Much more research, as everyone conceded, is still required. There continues to be an awful lot we do not know. Then again, as Beattie emphasised, rugby union cannot simply stick its bruised and battered head in the sand. Just as motor racing had to change to protect its drivers and American football has had to adjust its tackling laws, so rugby may be required to do the same.

In that regard I had an interesting message from a friend, something of a rugby agnostic, following Japan’s extraordinary weekend win over South Africa. He was wondering why, in the pictures following one of the most odds-defying days sport has seen, there was barely a visible scratch or a bruise on any of the Japanese team members?

It was a fair point; I could recall only one Japanese blood injury during the course of a monumental contest against one of the biggest, most traditionally physical teams in the world. Sometimes, of course, it takes a while for bruises to appear and adrenaline to dissipate; the abrasiveness of the surface can also be a factor. It seems more than possible, however, that the chop-tackling technique of the Japanese: text-book low with heads almost always to the side was at least a partial factor.

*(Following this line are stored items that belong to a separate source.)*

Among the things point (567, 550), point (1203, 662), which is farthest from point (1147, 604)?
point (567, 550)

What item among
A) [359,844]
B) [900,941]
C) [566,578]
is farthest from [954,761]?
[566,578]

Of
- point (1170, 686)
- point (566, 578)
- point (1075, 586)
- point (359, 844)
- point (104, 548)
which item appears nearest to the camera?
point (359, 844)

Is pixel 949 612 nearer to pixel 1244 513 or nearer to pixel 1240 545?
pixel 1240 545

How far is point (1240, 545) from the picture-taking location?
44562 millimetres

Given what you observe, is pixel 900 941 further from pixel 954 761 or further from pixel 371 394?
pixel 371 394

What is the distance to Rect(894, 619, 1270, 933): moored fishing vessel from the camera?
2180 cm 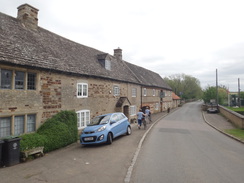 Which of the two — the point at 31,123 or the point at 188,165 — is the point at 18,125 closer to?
the point at 31,123

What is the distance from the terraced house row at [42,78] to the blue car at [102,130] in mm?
2817

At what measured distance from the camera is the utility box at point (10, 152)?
23.0 ft

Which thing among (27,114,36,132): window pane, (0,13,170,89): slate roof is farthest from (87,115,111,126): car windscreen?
(0,13,170,89): slate roof

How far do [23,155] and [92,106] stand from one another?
726 centimetres

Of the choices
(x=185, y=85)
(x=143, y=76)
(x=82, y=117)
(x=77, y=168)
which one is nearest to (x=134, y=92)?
(x=143, y=76)

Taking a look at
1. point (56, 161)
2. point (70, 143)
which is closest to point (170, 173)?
point (56, 161)

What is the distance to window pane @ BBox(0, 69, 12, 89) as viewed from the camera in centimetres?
835

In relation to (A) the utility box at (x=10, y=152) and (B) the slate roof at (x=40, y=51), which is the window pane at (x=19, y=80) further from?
(A) the utility box at (x=10, y=152)

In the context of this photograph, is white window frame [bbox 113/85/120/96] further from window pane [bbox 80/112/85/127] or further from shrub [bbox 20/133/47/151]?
shrub [bbox 20/133/47/151]

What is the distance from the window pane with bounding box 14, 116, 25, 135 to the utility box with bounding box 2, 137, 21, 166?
5.59 ft

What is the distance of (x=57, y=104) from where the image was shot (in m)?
11.2

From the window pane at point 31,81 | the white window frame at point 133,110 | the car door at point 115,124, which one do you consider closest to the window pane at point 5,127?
the window pane at point 31,81

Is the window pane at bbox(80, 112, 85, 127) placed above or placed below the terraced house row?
below

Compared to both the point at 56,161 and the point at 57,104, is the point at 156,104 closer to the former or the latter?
the point at 57,104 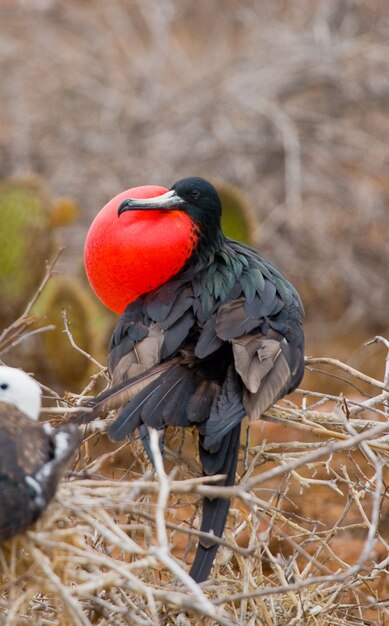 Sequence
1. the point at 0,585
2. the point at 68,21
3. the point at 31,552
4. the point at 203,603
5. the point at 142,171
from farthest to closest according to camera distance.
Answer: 1. the point at 68,21
2. the point at 142,171
3. the point at 0,585
4. the point at 31,552
5. the point at 203,603

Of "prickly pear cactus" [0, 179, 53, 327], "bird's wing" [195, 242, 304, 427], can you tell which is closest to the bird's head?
"bird's wing" [195, 242, 304, 427]

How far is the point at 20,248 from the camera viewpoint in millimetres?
4027

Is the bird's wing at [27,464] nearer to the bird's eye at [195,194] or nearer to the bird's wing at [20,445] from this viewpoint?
the bird's wing at [20,445]

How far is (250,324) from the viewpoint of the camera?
2.13 metres

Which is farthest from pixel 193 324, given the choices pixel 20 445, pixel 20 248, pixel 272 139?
pixel 272 139

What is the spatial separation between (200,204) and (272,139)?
3.68m

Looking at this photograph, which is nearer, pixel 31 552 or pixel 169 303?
pixel 31 552

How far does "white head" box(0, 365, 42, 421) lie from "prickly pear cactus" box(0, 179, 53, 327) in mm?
2287

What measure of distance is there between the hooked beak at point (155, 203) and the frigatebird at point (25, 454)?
0.61 metres

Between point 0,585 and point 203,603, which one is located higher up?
point 203,603

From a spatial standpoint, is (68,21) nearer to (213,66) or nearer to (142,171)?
(213,66)

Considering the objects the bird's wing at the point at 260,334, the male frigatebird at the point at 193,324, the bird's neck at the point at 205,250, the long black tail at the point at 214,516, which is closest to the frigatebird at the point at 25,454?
the male frigatebird at the point at 193,324

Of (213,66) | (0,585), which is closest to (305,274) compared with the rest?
(213,66)

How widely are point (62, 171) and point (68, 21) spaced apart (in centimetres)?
154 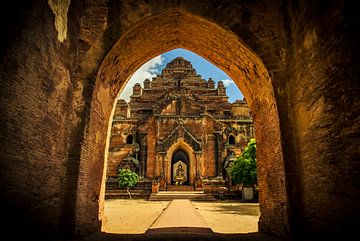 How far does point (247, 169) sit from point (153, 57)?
1443 centimetres

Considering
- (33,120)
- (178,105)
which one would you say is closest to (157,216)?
(33,120)

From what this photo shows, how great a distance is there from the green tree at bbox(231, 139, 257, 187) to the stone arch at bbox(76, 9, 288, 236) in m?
13.3

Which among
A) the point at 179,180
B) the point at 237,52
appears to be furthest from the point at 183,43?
the point at 179,180

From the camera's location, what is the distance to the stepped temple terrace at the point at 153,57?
4.01 meters

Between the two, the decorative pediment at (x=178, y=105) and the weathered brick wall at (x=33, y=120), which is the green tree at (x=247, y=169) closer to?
the decorative pediment at (x=178, y=105)

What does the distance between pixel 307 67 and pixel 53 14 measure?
17.0 ft

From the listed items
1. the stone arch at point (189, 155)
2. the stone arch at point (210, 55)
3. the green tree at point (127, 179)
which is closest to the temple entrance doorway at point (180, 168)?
the stone arch at point (189, 155)

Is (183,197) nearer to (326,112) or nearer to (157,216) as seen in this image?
(157,216)

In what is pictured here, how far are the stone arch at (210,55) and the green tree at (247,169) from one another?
43.5 ft

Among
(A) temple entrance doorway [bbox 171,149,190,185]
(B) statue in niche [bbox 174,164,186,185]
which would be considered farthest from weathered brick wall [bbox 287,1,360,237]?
(B) statue in niche [bbox 174,164,186,185]

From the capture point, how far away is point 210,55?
8.27 m

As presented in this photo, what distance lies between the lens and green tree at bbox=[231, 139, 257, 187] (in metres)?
20.1

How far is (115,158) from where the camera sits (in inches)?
1115

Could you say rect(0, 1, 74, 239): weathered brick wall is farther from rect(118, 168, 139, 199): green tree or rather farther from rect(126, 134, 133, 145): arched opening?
rect(126, 134, 133, 145): arched opening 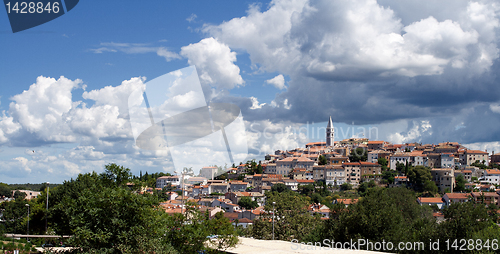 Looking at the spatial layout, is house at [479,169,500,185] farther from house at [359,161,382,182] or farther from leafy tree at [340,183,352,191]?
leafy tree at [340,183,352,191]

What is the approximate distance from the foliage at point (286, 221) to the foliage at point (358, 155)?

Latterly, as we all know, rugby union has become a far more upright game; the outlawing of old-style rucking has been among the primary reasons. Would it help, say, if it became illegal to tackle any ball-carrier above the midriff? Or, more radically, if players were required to wear knee padding? All too often it is accidental knees to the temple that cause players to crumple. The last resort would be to reduce the number of players on the field by two per side, forcing everyone to do more running and theoretically creating more space and less close-range head-banging.

None of this will appeal to traditionalists; some of the wonderful Irish greats of yesteryear would scarcely recognise today’s game as it is.

But as we wallow in this eventful World Cup, which is already showing signs of true greatness, it is important to maintain some perspective. The commitment of modern rugby’s leading players is inspiring but they also need saving from themselves.